Oh, those are khomba, little monkey-like animals that come out in the night and cry like babies. They are called bush babies. In the evening, local men climb the top of the palm trees, tap a hole at the head of the tree and hang a calabash to collect the palm juice. In the morning, they go up the tree and bring the calabash down. Fresh palm sap is sweet to drink but it ferments very quickly.

Perhaps you would like to try some, the mukhi said and turning to his older son he said: 'Ey Sadru, take a heller from the box and ask the man to sell you a calabash of neera.

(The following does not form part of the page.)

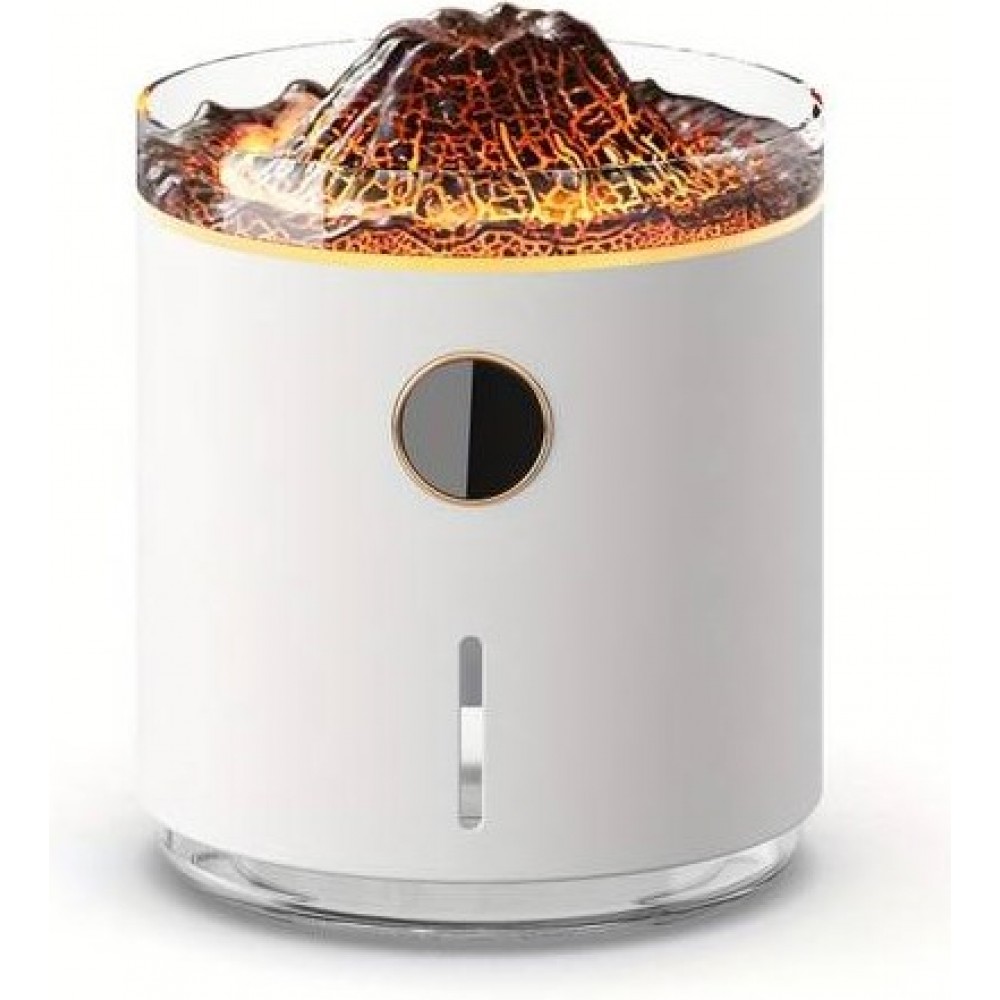 Luftbefeuchter Vulkan Flame Aroma Diffusor mit Digitalanzeige & LED Flamme - Weiss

Turning to the newcomers he said:

‘Sometimes the men forget to bring the neera down and it ferments in the pots and turns into tembo. The bush babies love to steal the neera but sometimes it has turned to alcohol so the animal gets drunk and makes noises like a baby crying. Sometimes, it loses its grip and drops to the ground drunk. That's what you heard last night. We are so used to it now that we don't hear the noises anymore.’

'Han, han’, Alladin responded. ‘Of course, we have neera in our land too, you well know. And people drink the fermented tadi to get drunk, you must remember’.

'Han, han. I remember an English visitor to Verawar asked for tadi to drink. He called it toddy’.

The son came back with a calabash of fresh palm juice and they were given little cups of the sweet palm sap to drink. So, it was a strange mixture of the known and the unknown. There were things that were familiar and things that were new. Beyond Korogwe, the land got drier and the earth got redder.

Arrival at Moshi

On two sides of the town square, were little shops with open fronts where Indian men sat behind lengths of cotton, blankets, oil cans of sugar and salt, reels of cotton, skeins of twine, farming implements, cans of oil and bottles of medicine. Alladin went to one of these shops and asked where the jamatkhana, the community mosque was. That is where he knew where he would get the whereabouts of his cousins and other people from Chhachhar and Verawar. That is where help and information was. The vines of Kathiawari biradhari spread all the way from Chhachhar to the land of the Chaggas.

The family stayed with Rajbai, Alladin's sister, and her husband Noormohammed Dadani. From the town, the land in the foothills looked lush and fertile. The Wachaggas, people who lived on the foothills of the volcano, tended field of bananas and herds of goats where the cold mountain streams, from the snow of Mount Kilimanjaro, gurgled. There was land available beyond the foothills but there were no bubbling brooks there.

Mulji Nazarali, who was married to Alladin's cousin Sherbanu, took Alladin to the office of the Distriktkommisar the next day, to a square building with three-foot thick walls and a wide verandah and a corrugated tin roof over and open attic where bats and bush babies hung out at night. The thick walls, the open attic, and the wide verandah kept the buildings cool. The German officer showed Alladin his piece of land on the map. Ten acres for a thousand hellers, or ten Indian rupees. The transaction took place in German with a few Kiswahili words. Alladin Giga would have found it difficult to communicate with someone from another part of India, let alone in German and Kiswahili. The cousin-in-law translated for him, mainly with intelligent guesswork and a few words of German and much more Kiswahili that he had learned.

They left the Distriktkommisar with papers signed and stamped in purple ink.